La foule de touristes indiens se battait presque avec le personnel, et peu après avec un policier tenant un bâton. Notre guide nous a demandé d’attendre et de poser nos bagages par terre. Peu après, le bateau près duquel nous attendions a commencé à partir. C’est alors que le second de nos accompagnateurs nous a appelés vers un autre ferry, où le capitaine a accepté de prendre toutes les personnes avec des billets bleus. Il a seulement été annoncé que les passagers sans billets ne pouvaient pas occuper de places assises, ce que la plupart ont ignoré, cherchant des places libres dans les cabines et la salle principale avec des fauteuils. Nous avons pris place quelque part dans le passage, probablement sur le seuil de sortie du bateau. Peu après, quelqu’un nous a informés qu’il restait encore des places assises sur le pont inférieur, mais nous n’avions finalement pas besoin de changer de place.
Au port, les collègues de l’agence de voyages nous attendaient déjà et nous ont conduits à l’hôtel (de nouveau le Megapode Net). Le matin à Port Blair, il pleuvait – apparemment brièvement, environ 30 minutes, mais de façon intense. À 16h30, les flaques étaient encore visibles.
La procédure d’enregistrement nous a de nouveau pris un peu de temps – les étrangers doivent remplir davantage de documents.
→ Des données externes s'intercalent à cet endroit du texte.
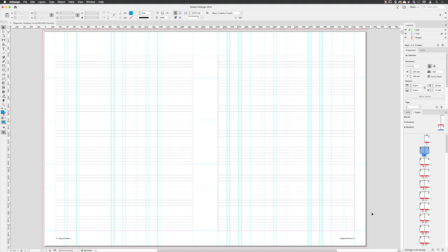So that should you need a blank page, your original A master page will work in that scenario. But we've also borrowed that grid system from the A master and added it to a child master page called B numbers.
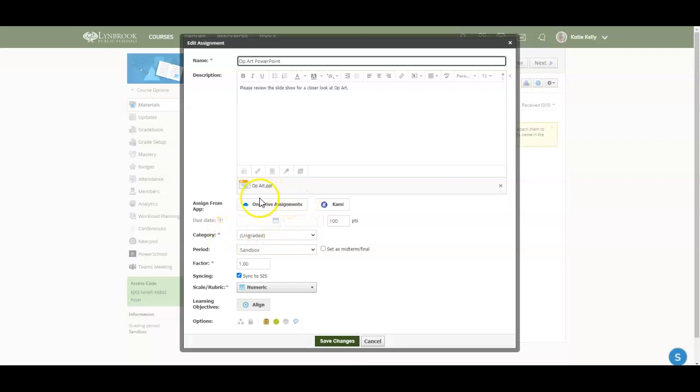If you have attached a OneDrive assignment and that was in your resources, the OneDrive assignments do not stay attached. So you'll also need to go in and reattach that to this assignment.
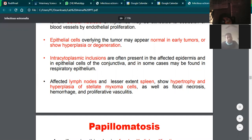In histopathology, the lumen is obstructed — this is a key mark of myxomatosis. Necrosis, inflammation, and vasculitis are all demonstrated findings related to myxomatosis.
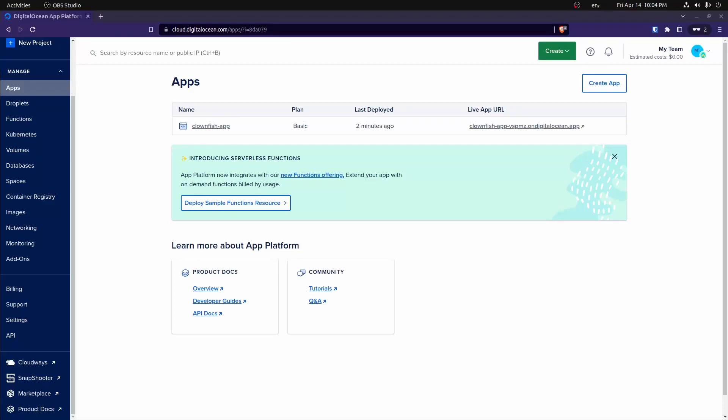Hey everyone, in this video we're going to go over how to deploy Django using the DigitalOcean App Platform. This will probably be the easiest deployment we've done so far — it allows us to automate a lot of the steps and make it super simple to get up and running. We'll start with a basic deployment and then come back to add a better database, environment variables, and other things to make it more production-ready.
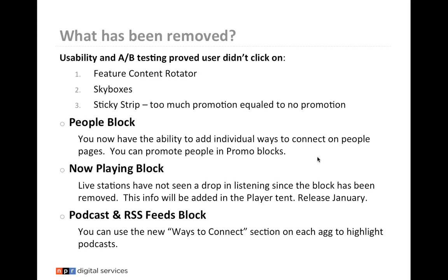What has been removed? Usability and A/B testing proved that users didn't click on the featured content rotator, the sky boxes, or the sticky strip. Too much promotion equaled no promotion — if you promoted too much on your homepage, it was actually more confusing and you had less clicks. A lot of stations will say they had 30,000 views on a story in their sky box, but when we went into the analytics, it was only about 1-2% of people who came from the sticky strip. Lead stories got a lot of clicks; feature content rotator got less. Promoting through Facebook and mobile social media is a better way to get people into your post.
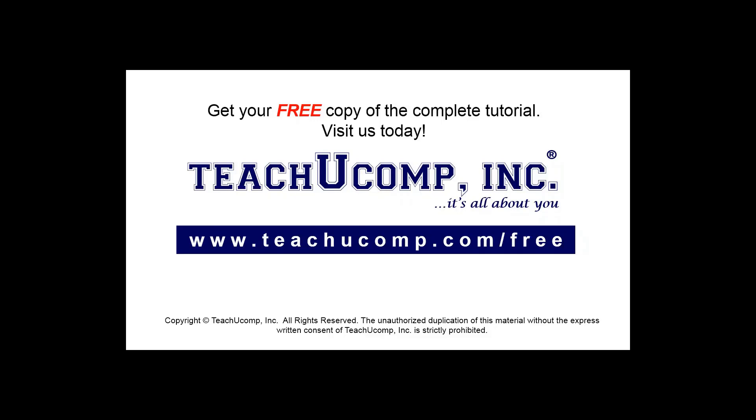Get your free copy of the complete tutorial at www.teachucomp.com/free.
Nous avons rendez-vous avec les garçons pour le règlement final à 18h00. Il nous reste donc un peu de temps pour une douche rapide et froide (il semble que le chauffe-eau ne fonctionne pas…).
Pour la première fois, les collègues étaient en retard – pour eux, c’est beaucoup, car 30 minutes. Mais en revanche, ils nous ont surpris avec un cadeau sous forme d’une tasse avec le logo de l’entreprise 🙂
De plus, ils nous ont recommandé de dîner au restaurant végétarien ANAPARATHA CAFFETERIA, situé en plein centre de Port Blair. Bien sûr, avant de recommander un restaurant, ils s’assurent de savoir si la nourriture doit être végétarienne ou non – nous choisissons naturellement végétarien. Le nombre de clients à l’intérieur nous a stupéfiés – l’établissement était plein ! Heureusement, les Indiens sont très serviables et immédiatement l’un des clients (attendant probablement un plat à emporter) nous a dirigés vers la salle suivante, où une petite table a été organisée pour nous. Traditionnellement, la climatisation à l’intérieur était réglée au minimum, donc nous avions froid, tandis que les Indiens se délectaient de la fraîcheur. Le menu – une feuille, recto-verso – la plupart des noms ne nous disaient pas grand-chose. Là, le touriste indien rencontré deux jours plus tôt à Elephant Beach vient à notre aide avec sa fille. Ils nous conseillent quoi commander pour que ce ne soit pas trop épicé, et suggèrent que le plat, complété par des pains naan, peut être partagé entre deux personnes. Le plat (fromage dans une délicieuse sauce verte) n’est peut-être pas très copieux, mais il reste ainsi encore de la place pour consommer du Chahoui Pouri (je crois que c’est ainsi que cela s’appelle) – une galette frite dans l’huile profonde, servie sous forme de ballon gonflé. C’est probablement l’attraction locale, car tout le monde s’en émerveillait. Bien sûr, encore une photo commune avec des inconnus et leur petite fille timide, et nous pouvons nous diriger vers le marché principal.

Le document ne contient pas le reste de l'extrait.